Your output should match the listing below word for word, without any images.

*DATA*
########
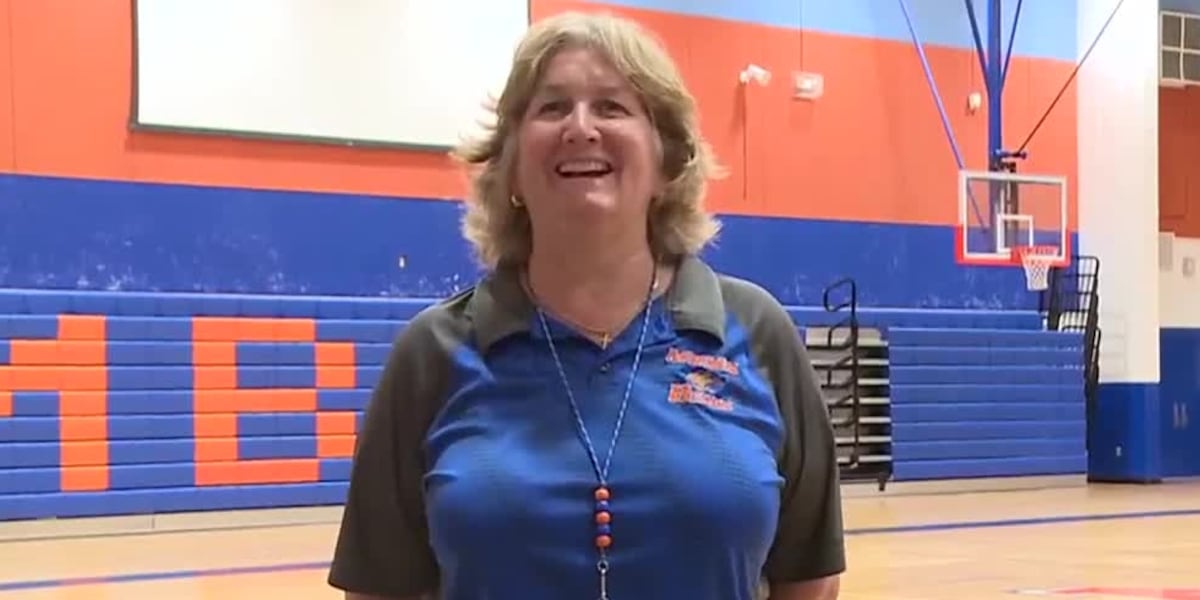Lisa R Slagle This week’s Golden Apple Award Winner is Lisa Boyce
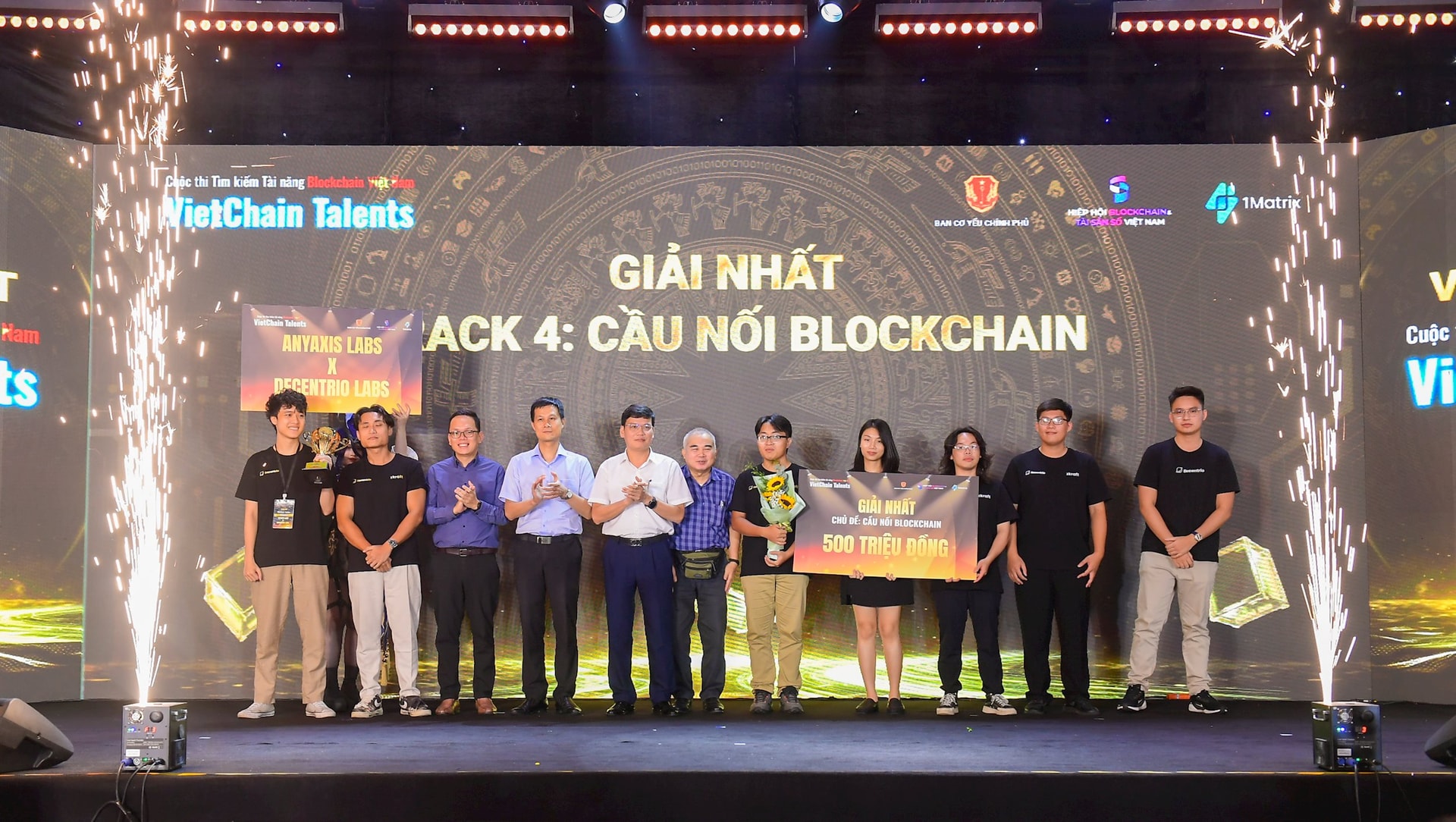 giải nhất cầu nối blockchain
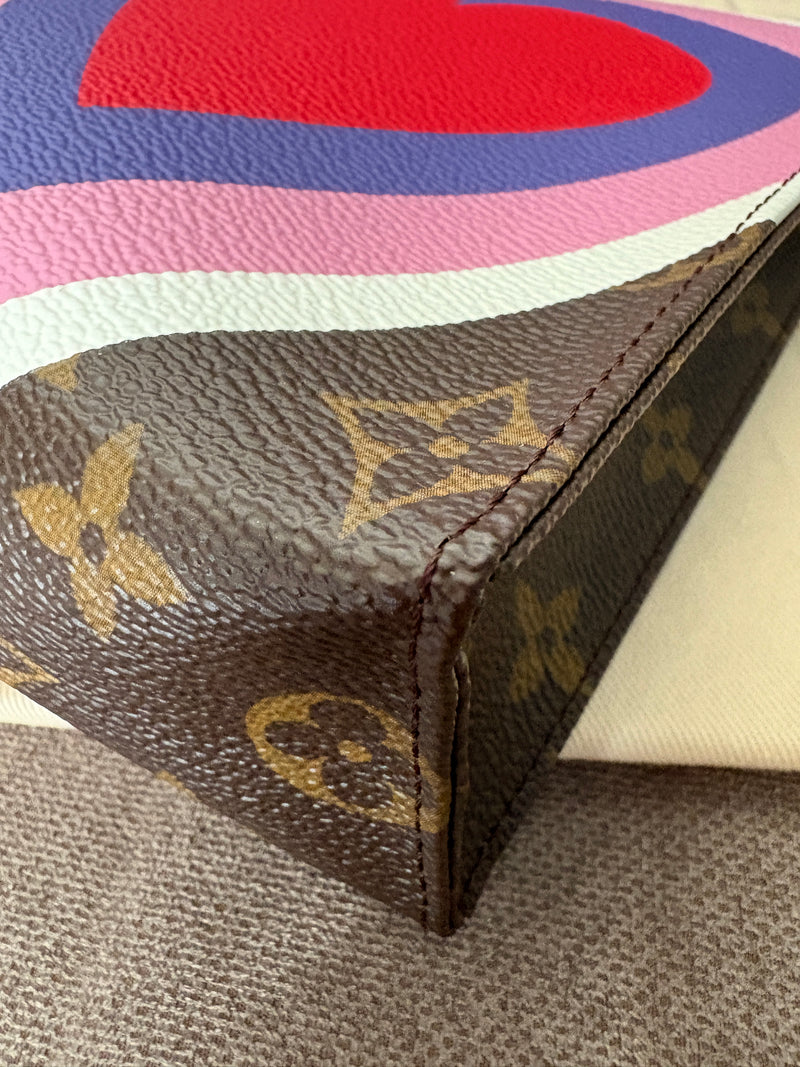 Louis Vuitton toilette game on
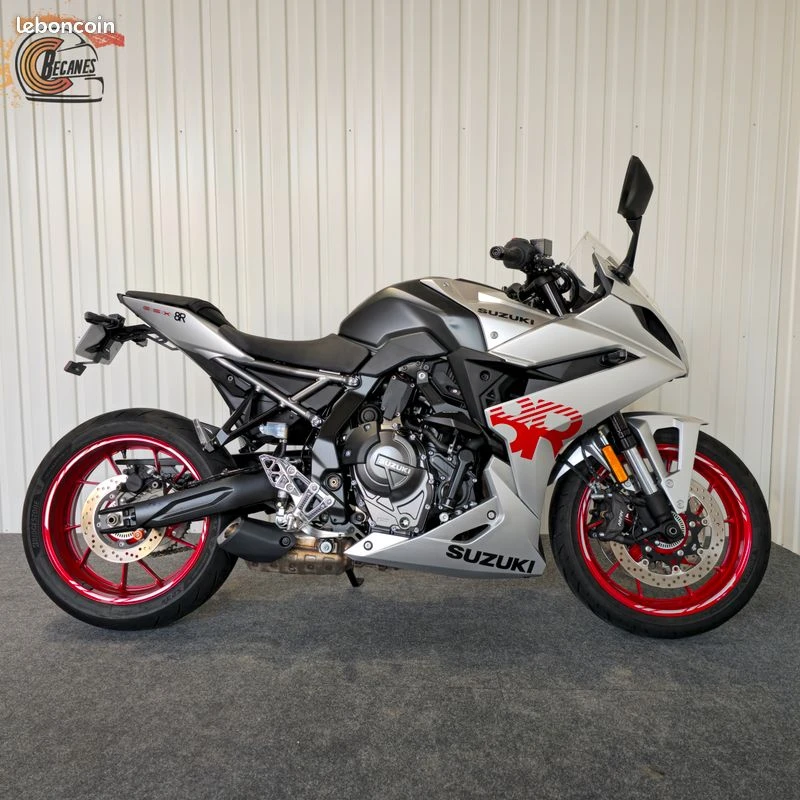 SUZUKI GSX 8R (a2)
########
*REPLY TO THE TASK*
Lisa R Slagle This week’s Golden Apple Award Winner is Lisa Boyce
 giải nhất cầu nối blockchain
 Louis Vuitton toilette game on
 SUZUKI GSX 8R (a2)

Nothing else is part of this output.